### The data

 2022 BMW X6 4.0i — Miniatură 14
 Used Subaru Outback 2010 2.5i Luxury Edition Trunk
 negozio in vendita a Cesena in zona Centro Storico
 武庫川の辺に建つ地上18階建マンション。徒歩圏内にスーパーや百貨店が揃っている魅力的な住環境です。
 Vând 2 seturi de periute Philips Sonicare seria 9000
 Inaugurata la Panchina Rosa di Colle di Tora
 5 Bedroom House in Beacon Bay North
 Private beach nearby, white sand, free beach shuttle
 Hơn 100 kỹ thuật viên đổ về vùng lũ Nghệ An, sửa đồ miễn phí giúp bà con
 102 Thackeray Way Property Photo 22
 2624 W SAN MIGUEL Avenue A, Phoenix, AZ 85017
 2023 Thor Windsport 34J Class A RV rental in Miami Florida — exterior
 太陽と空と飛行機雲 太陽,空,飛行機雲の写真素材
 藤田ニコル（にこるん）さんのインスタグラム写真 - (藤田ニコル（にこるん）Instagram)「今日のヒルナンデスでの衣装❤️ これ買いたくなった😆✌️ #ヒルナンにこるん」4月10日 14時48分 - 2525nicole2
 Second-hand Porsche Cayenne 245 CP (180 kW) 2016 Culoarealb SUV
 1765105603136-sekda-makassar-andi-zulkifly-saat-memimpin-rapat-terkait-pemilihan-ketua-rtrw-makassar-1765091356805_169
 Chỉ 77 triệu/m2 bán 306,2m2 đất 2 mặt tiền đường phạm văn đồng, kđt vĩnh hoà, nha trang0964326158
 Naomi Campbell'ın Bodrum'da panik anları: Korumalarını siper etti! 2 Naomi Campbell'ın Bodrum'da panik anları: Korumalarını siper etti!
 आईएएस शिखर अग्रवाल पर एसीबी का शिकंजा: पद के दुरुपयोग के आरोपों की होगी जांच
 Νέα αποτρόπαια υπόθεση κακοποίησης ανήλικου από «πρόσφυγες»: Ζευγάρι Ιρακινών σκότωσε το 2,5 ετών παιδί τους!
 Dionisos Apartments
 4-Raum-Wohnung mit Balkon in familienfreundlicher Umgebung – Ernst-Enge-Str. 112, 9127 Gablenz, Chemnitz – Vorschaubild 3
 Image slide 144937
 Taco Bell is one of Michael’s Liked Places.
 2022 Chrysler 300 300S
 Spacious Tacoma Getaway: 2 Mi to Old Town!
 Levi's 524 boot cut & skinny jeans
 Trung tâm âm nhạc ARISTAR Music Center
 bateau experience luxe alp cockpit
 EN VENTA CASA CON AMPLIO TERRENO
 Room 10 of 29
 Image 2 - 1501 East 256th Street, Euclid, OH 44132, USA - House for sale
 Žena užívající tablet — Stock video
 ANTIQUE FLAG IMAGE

######

Going through the listing above, tally the lines that contain the word "House" and report the total alone.

2